Nissan has also taken a step towards Metawors with its I2V Invisible to Visible AR concept, which it launched at CES 2019. The system highlights obstacles that are not obvious to the driver through the display inside the vehicle to increase safety and driver comfort. The system also allows individuals to appear as 3D avatars in the passenger seat of the vehicle if the driver is wearing AR goggles. This could be a family member or friend to keep you company on the long drive or a local guide to answer questions and make recommendations. Nissan hopes to bring technology to its vehicles by 2025.

Again, the new social and educational opportunities that may come from this are exciting. By merging the real and virtual worlds, individuals can connect with friends at home and travel anywhere in the world. It can usually be interacted with the avatars of your loved ones after long and tedious drives. Drivers can experience the world around them through a local eye or even over a completely different period of time through an AR overlay.

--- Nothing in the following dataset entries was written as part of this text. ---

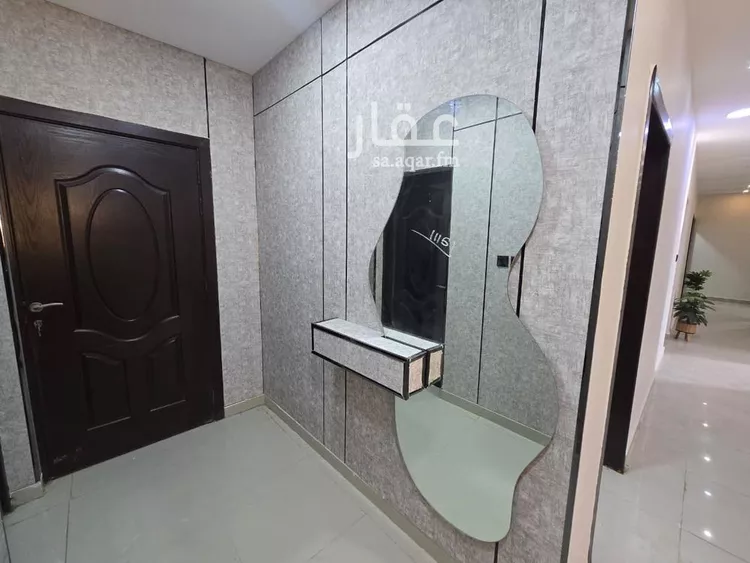 شقة للبيع في شارع 22ا, حي ضاحية الملك فهد, مدينة الدمام, المنطقة الشرقية 20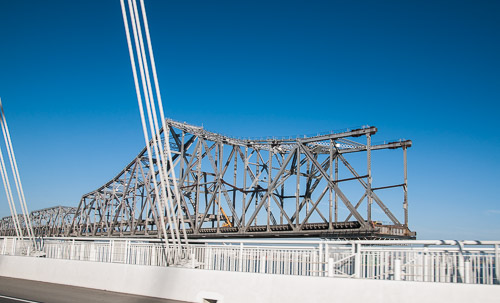 DSC_7673.jpg DSC_7673.jpg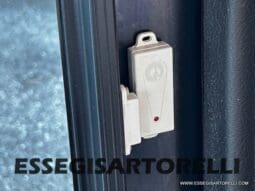 CHAUSSON EXALTIS 6037 GARAGE 150 CV POWER GEMELLI 699 CM FULL 2019 pieno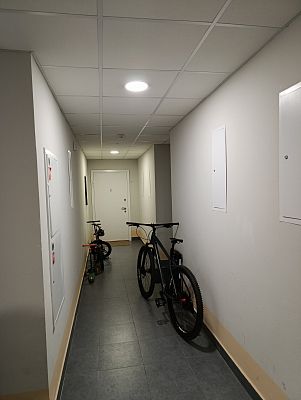 Купить квартиру г Москва, Боровское шоссе, д 2 к 3 28500000 рублей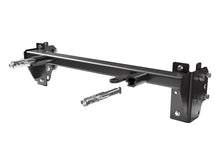 Load image into Gallery viewer, Blue Ox BX1153 Tow Bar Base Plate for Select Jeep Grand Cherokee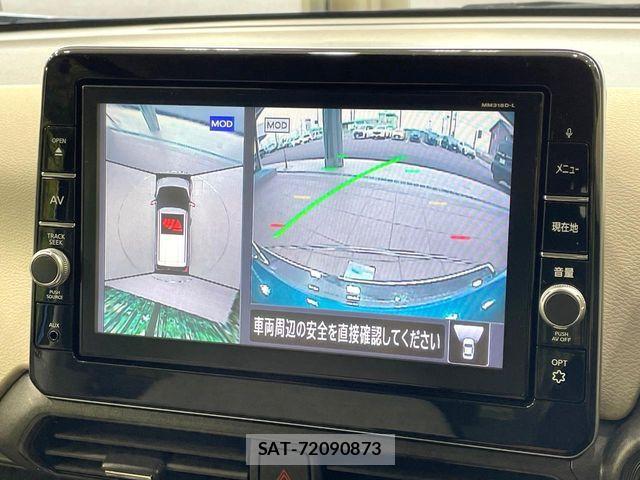 Nissan DAYZ 2019-05 8335530-4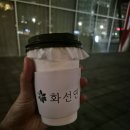 [메이커스마크 더현대 서울 팝업스토어] 셀러에이지드 오픈런 &amp; 생명의물 유튜버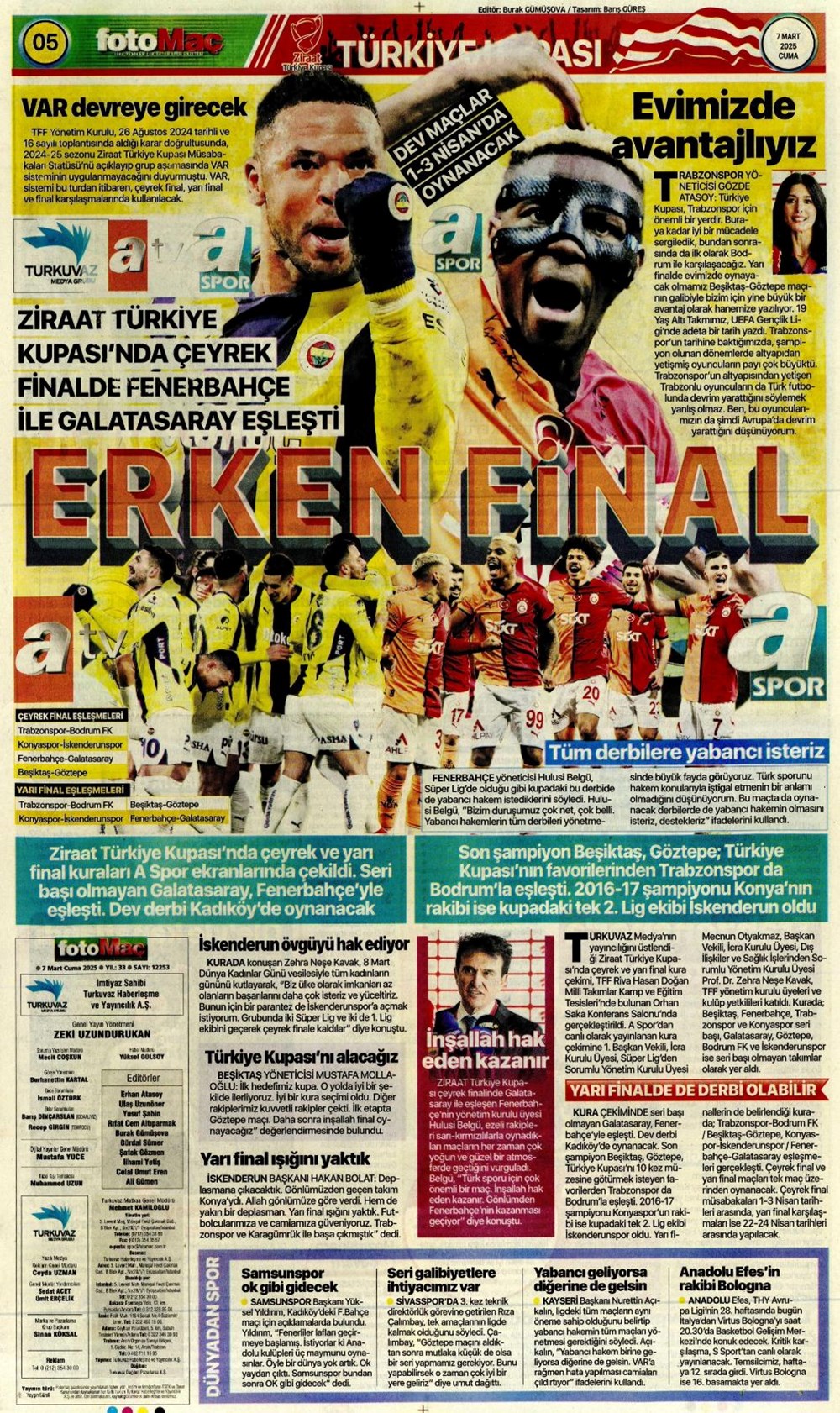 NZVg702BYU6ewy3iZc JkQ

However, the main issue – and the more common obstacle to the widespread adoption of metavars and AR in vehicles – is the safety-critical issue of being able to see the outside world clearly while man is driving. If the AR overlay is not accurate enough, drivers can be misled and lead to accidents. If the overlay is too distracting, drivers may miss important information about obstacles and barriers. These issues should be of central importance to automotive companies seeking to adopt AR in vehicles.

Emilio Kempa is a thematic team analyst at Data Analytics and Consultancy GlobalData.